I know nothing about economics. Is there a consensus regarding effects on the economy if the national debt. were to be paid off?
I know that the forecasted payments to the debt under Clinton admin. were based on interesting math & accounting, but if progress could be made towards that end, what effect would it have on the economy?
Supposedly paying back debt is deflationary, and borrowing money is inflationary. IE, when money is borrowed, it is spent on buying goods or labor that wouldn’t have been bought otherwise. So paying it down makes this funny-money go away.
Economically, borrowing money for military purposes is less efficient for growing the economy than borrowing it for building roads and bridges, factories, software, and the like.
Over what period of time? If we paid it off tomorrow, the economy would tank like nothing we’ve ever seen before.
If it were magically wiped off the books, then I’m afraid that unscrupulous politicians (are there any other kind) would just start all over again.
But keep in mind that debt, in and of iteslf, is not necessarily bad. It’s how you use it that makes it good or bad. Going into debt to buy a house is not bad. Going into debt to finance a trip to Vegas is probably not good.

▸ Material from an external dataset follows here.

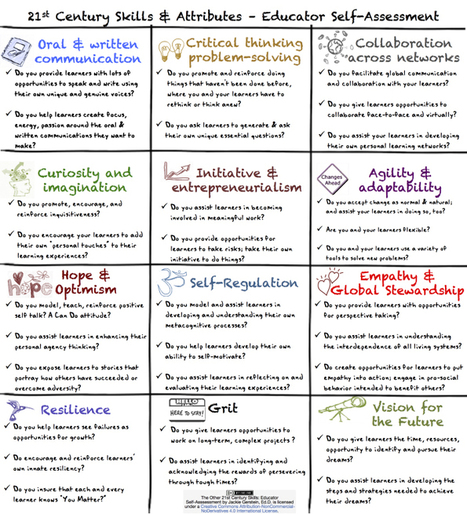 The Other 21st Century Skills: Educator Self-Assessment | Eclectic Technology | Scoop.it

Did the authors of handy’s cite consider the interest payments that the government has to pay on its debt? I know that Canada pays an obsene amount of money on interest payments, but I can’t remember how much. Anyone have an exact number?
Theoretically, if it were magically paid off overnight (and believe me, this is not going to happen) then it is likely that the economy would expand. No longer needing to pay interest on loans, the government would have additional income that it would spend partially in the economy. Since they are demanding whatever they are purchasing, this would rise aggregate demand in the economy, which in turn causes expansion.
One problem could be inflation. Simple supply and demand states that with all things being equal, a rise in demand will result in a rise in price. This is inflation, but a competent government should be able to avoid it in this case.
I just had a look at that cite. Its overall message, that a removal of government debt does not directly benefit citizens, is true. However, the way in which it portrays the government as fulfilling a similar role to a bank is a little ambiguous. People may lend the government money, but who exactly is borrowing money from the government?
In fact, it makes far much more sense to imagine the government as a business that is responsible for running the country. You pay a fee (taxes) for the services they provide, in the same way you pay for the services of any other company. People invest in both government and businesses in the form of bonds and shares. The companies take this money to improve their services, and so does the government. Its only that the government usually has more economic weight than companies, their exclusive interaction with the entire population and other obvious power differences that set them apart.
For one thing, everyone who owns t-bills, government bonds and the like would be kind of annoyed. I’m not an economist either, but it’s a point to remember that the debt is to people who buy the bonds and bills, and the interest paid is to those individuals and corporations. People whose retirement funds are invested in govt. securities are glad to have an investment that’s safe and secure.
Here, direct from the Canadian Department of Finance, is the 2003 federal budget. Once you get past the congratulatory crowing about paying off [part of] the federal debt, you get into numbers.
In 2001-2002, “public debt charges” were 39.3 billion dollars, compared to “program spending” of 124.3 billion, and revenue of 171.7 billion. In 2002-2003, the comparable figures were 37.2 compared to 138.6 and 178.7. There is a accumulated debt of 507 billion dollars, which is not growing because of budgetary surpluses. Since the general size of the economy is growing, this debt would be appearing smaller and smaller relative to the total size of the economy. However, this debt is being reduced at a rate of 3 billion dollars per year. Therefore, its relative size is decreasing faster.
The Department of Finance goes on to say that reducing the national debt gives the government more flexibility to choose programs to fund, to reduce taxes, or both. Less money to interest, more to the people.